**Task goal**
For this exercise, return only the lines in the records below from the one holding "Chocobo Racing - Fanart - Background Image" through the one holding "new 2026 Nissan Kicks car, priced at $26,895", including both, exactly as they appear and without pictures.

**Records supplied**
"""

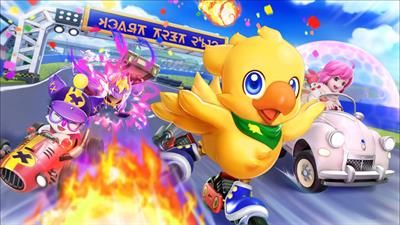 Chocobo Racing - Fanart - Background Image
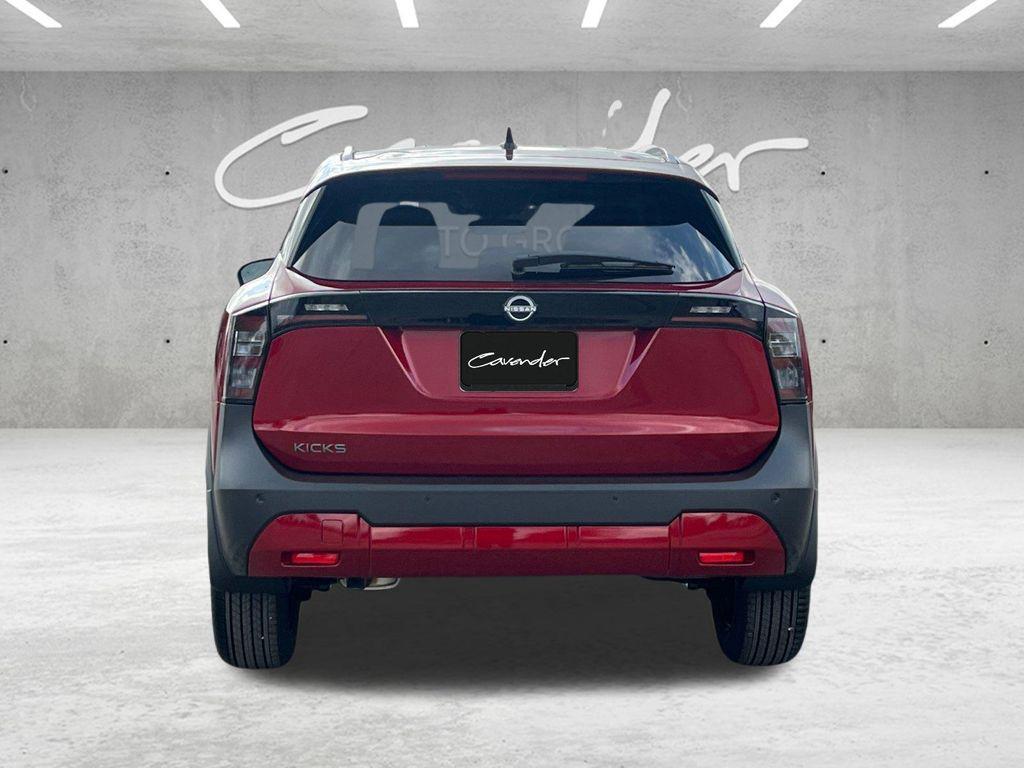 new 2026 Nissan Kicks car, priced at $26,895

"""
"""

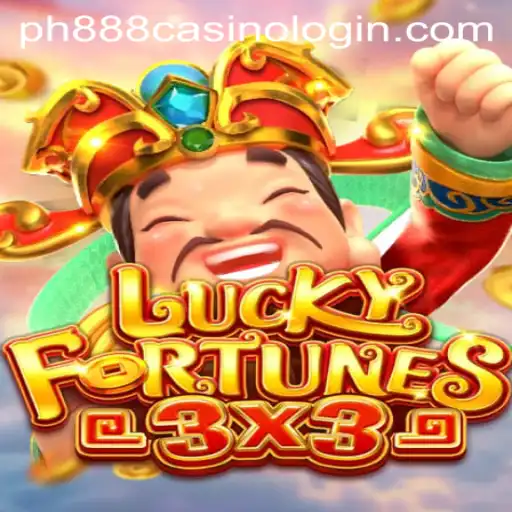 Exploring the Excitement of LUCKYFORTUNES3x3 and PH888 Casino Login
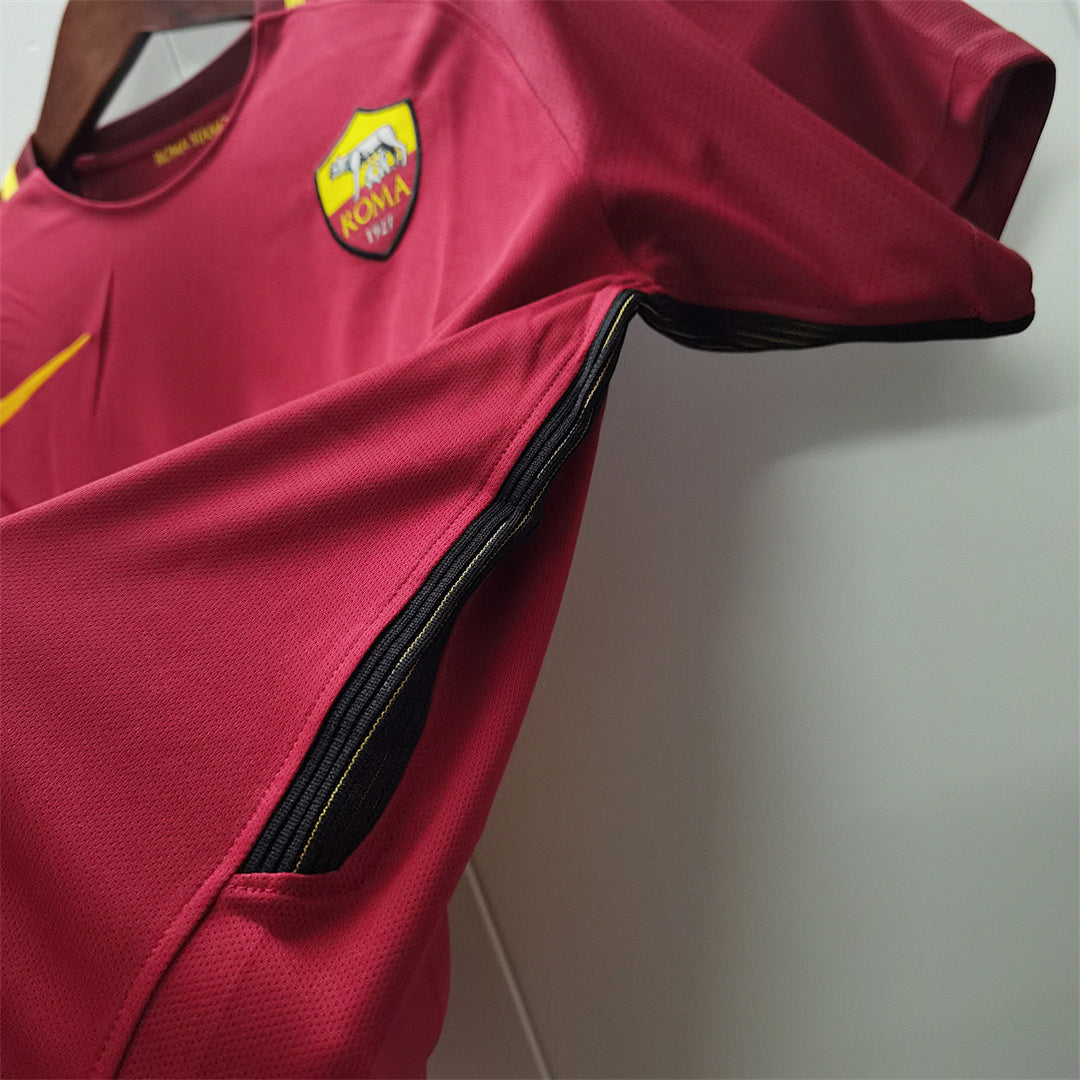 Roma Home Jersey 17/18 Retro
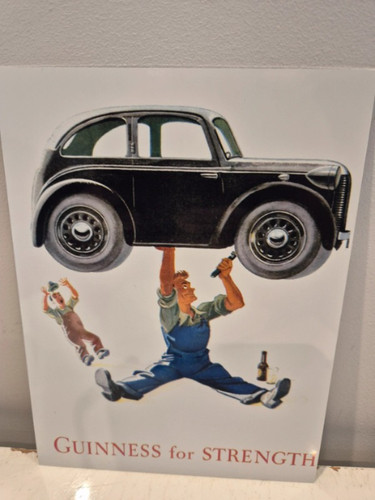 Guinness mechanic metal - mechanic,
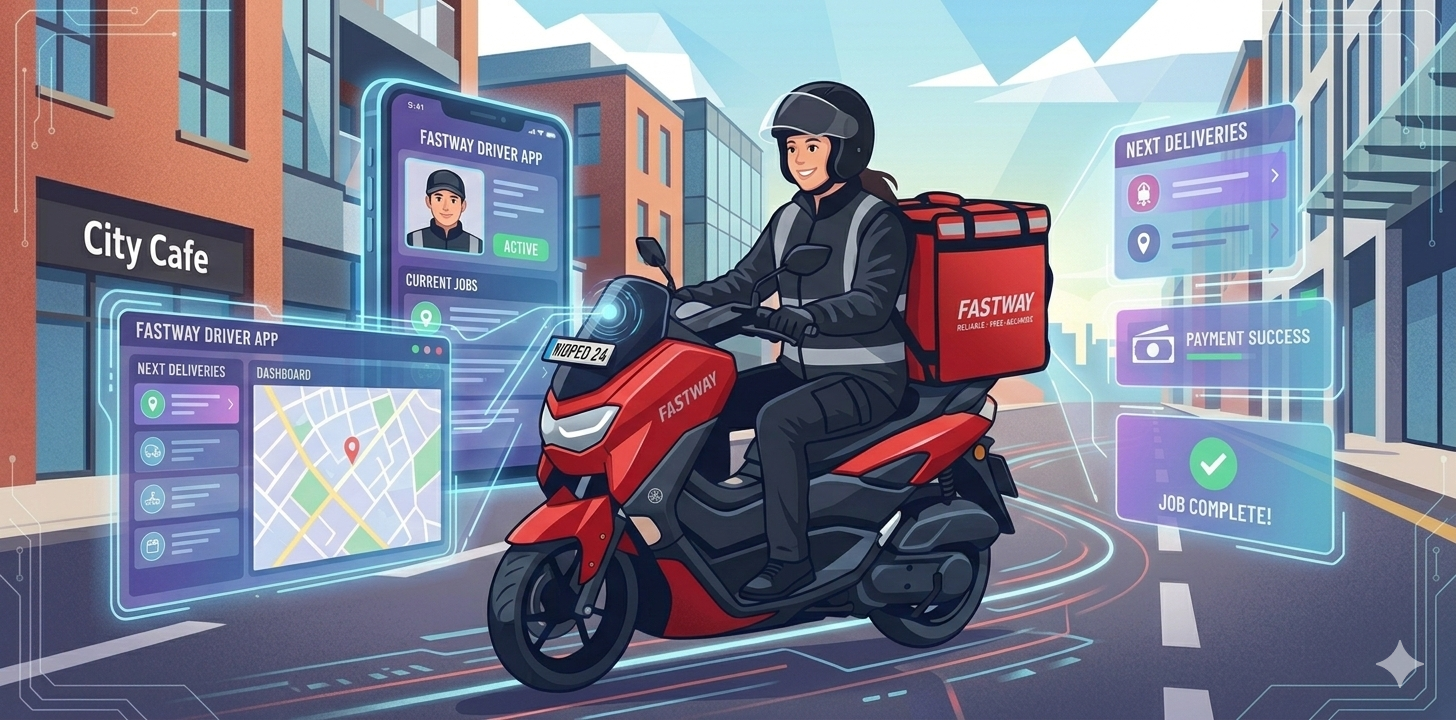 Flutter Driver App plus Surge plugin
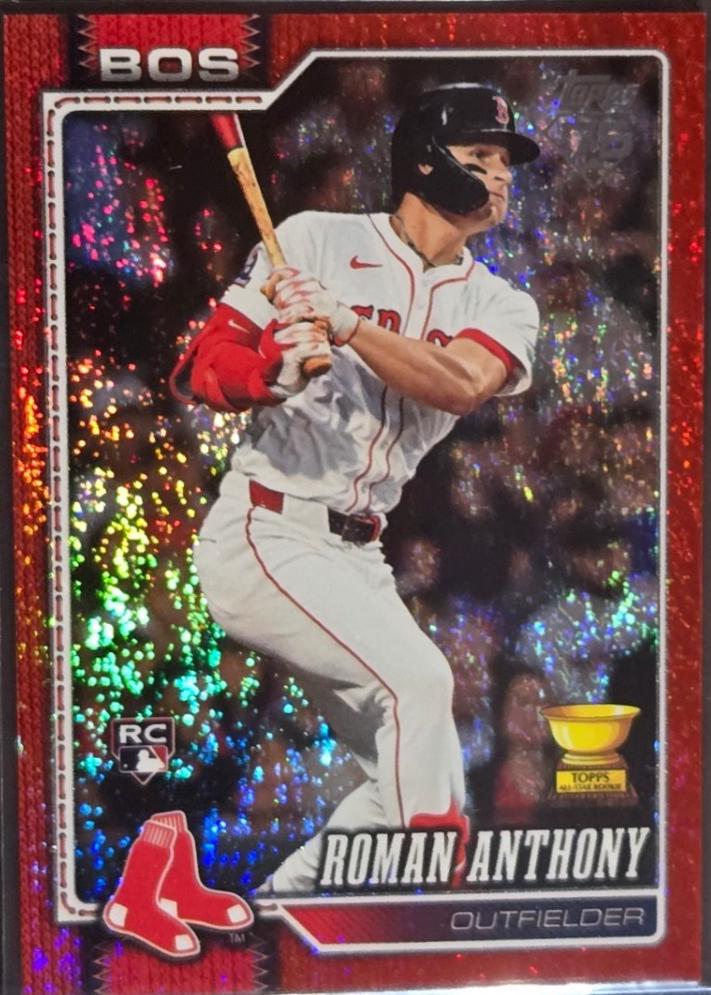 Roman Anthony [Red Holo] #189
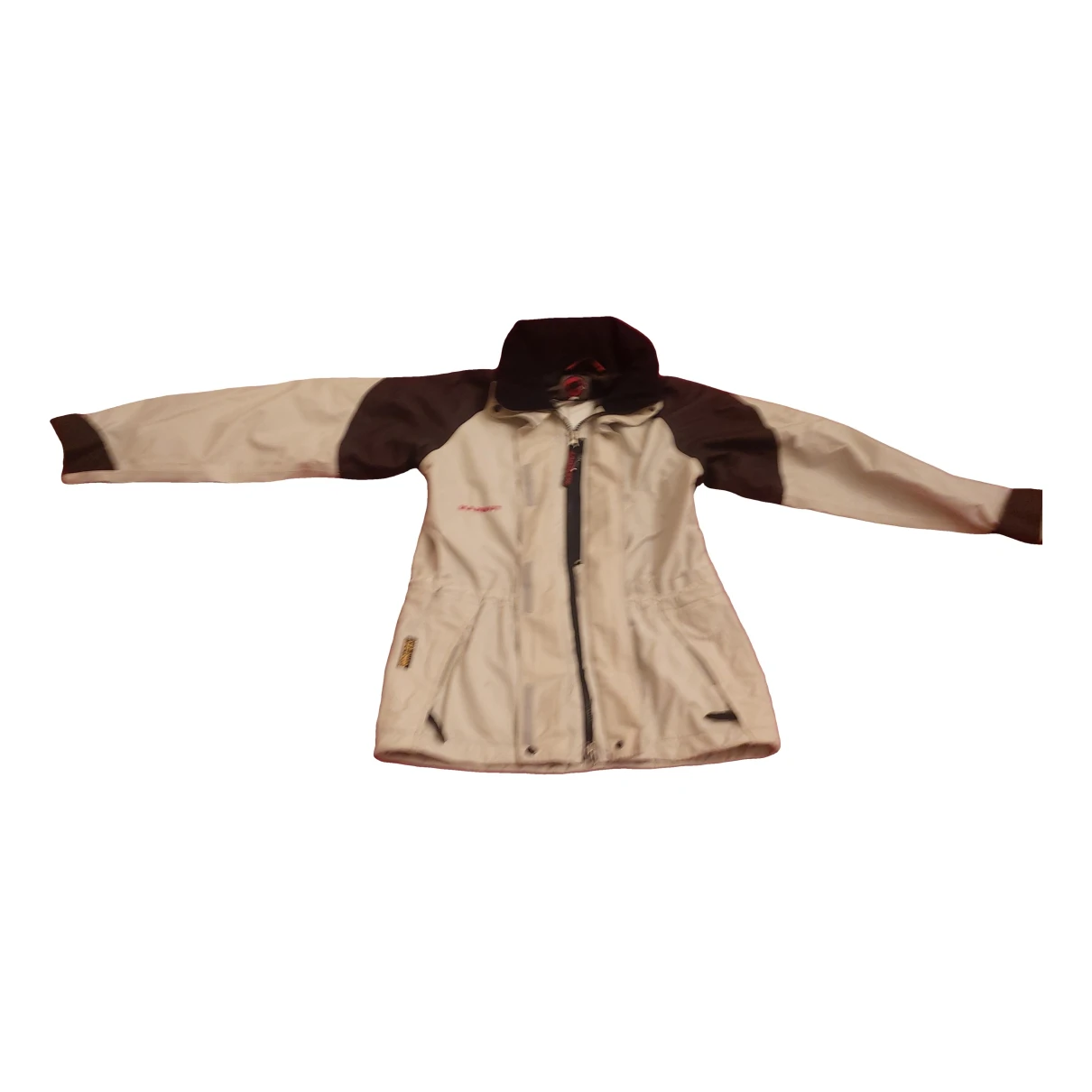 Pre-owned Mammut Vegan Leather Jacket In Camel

"""

**Answer box**
 Chocobo Racing - Fanart - Background Image
 new 2026 Nissan Kicks car, priced at $26,895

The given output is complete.